Description of the task: Reproduce exactly the line containing "6 Pcs Car Air" and each line after it until the listing ends, leaving pictures out.

Supplied entries:

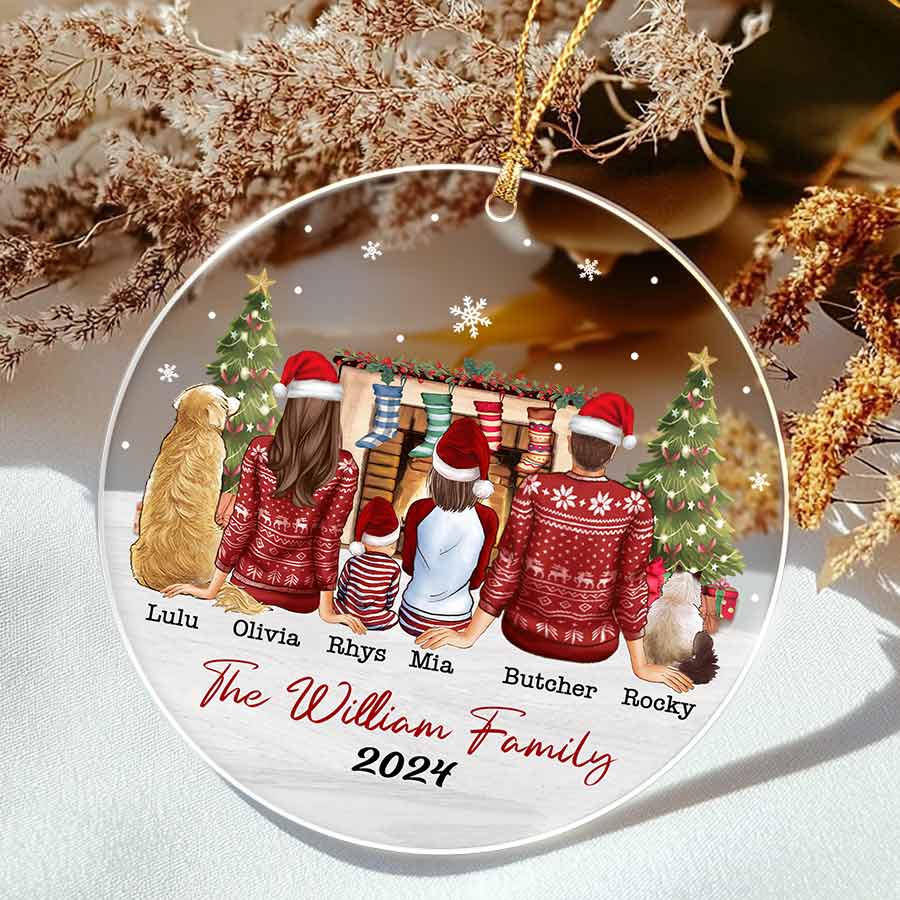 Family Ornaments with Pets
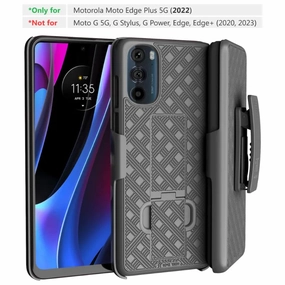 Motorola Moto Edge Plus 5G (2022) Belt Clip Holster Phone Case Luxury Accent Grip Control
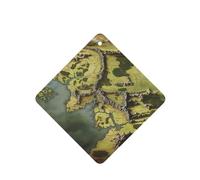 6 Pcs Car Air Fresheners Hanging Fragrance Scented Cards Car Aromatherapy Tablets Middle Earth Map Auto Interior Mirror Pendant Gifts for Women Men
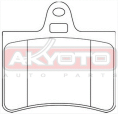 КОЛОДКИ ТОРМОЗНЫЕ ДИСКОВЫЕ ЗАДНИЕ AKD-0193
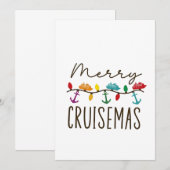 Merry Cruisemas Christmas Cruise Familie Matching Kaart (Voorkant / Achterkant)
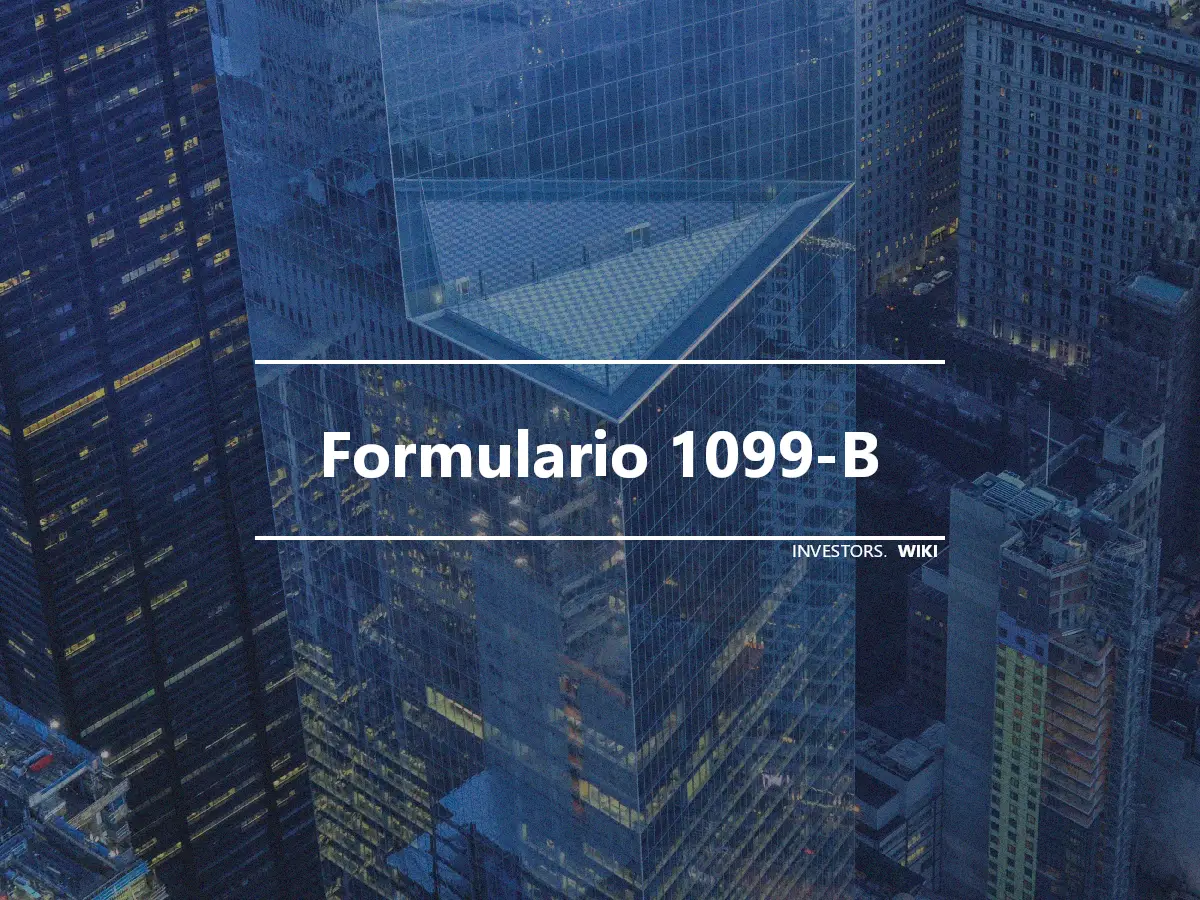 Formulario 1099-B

Answer box:
 6 Pcs Car Air Fresheners Hanging Fragrance Scented Cards Car Aromatherapy Tablets Middle Earth Map Auto Interior Mirror Pendant Gifts for Women Men
 КОЛОДКИ ТОРМОЗНЫЕ ДИСКОВЫЕ ЗАДНИЕ AKD-0193
 Merry Cruisemas Christmas Cruise Familie Matching Kaart (Voorkant / Achterkant)
 Formulario 1099-B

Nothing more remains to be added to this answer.